They were hardly more than a mile from a trail, though not the one they had lost. No way to know that. They were in a canyon, so there was shade. By day the heat bore down, at night he unwound his shirt from his leg and put it back on, while the shade, always moving, made its way to fissures beyond them and became the cold. Nothing to do about that.
About when to take swallows of water their agreement was reached in silence, though they had argued through the first hours about her chances of finding the trail. “Stay where you are,” she had to keep saying. She was the hiker. Why had she asked him to come along, someone she did not trust or even know? She was the one who knew the amount of water to carry on a day hike, she was the medical student, she had the little pack with the EpiPen and the tape for getting cactus needles out of your skin. “That’s the rule. If you want to be found.”
“The rule,” he said with a grimace.
“If I go you’ll never see me again. We have no idea where we got off the trail. There’s no GPS, no reception. We don’t know where we are. We’re nowhere.”

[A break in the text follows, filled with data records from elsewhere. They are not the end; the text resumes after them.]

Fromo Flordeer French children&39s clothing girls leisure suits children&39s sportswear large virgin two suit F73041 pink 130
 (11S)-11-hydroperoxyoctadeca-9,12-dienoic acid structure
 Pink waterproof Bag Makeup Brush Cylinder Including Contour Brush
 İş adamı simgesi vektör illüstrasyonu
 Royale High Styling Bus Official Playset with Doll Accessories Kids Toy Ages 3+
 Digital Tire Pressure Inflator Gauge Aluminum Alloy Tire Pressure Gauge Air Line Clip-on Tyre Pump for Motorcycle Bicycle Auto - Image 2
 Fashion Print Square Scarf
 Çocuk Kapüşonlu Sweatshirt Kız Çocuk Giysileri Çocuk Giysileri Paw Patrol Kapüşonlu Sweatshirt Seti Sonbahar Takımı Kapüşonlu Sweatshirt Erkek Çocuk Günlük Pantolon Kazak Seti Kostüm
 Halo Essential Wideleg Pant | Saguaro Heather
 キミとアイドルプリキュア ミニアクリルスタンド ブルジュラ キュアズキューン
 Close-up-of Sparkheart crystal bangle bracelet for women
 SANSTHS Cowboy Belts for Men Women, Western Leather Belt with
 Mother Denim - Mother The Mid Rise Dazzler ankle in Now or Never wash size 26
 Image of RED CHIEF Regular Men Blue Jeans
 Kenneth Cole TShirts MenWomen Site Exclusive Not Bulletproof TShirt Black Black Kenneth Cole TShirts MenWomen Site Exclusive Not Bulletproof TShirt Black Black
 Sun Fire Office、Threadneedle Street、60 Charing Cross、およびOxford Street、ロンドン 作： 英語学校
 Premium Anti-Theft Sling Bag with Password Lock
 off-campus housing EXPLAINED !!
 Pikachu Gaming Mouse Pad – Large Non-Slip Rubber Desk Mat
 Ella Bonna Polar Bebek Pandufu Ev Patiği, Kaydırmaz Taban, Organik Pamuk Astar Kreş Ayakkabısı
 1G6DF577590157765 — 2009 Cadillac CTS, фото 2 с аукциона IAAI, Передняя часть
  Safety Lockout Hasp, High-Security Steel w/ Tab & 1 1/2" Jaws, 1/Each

Now her reservations about him were pure dislike. When he was playing his oud she had shut her eyes so she could listen without seeing his face, with its pitted skin. The oud was the instrument you followed, moving from lament to incantation while the percussion was taking you to a state of abandon somewhere between dance and sleep, befitting the drawn-out end of a wedding day. That was far into the night of the ceremony, when they were all swaying, leaning on each other to stay on their feet. She was the maid of honor and she brought a chair and put it under the bride. The groom was playing with the musicians, who were not drinking but seemed to be using their fingers in a trance. The music was Middle Eastern, because the groom had a dumbek and his teacher’s band let him sit in at his wedding.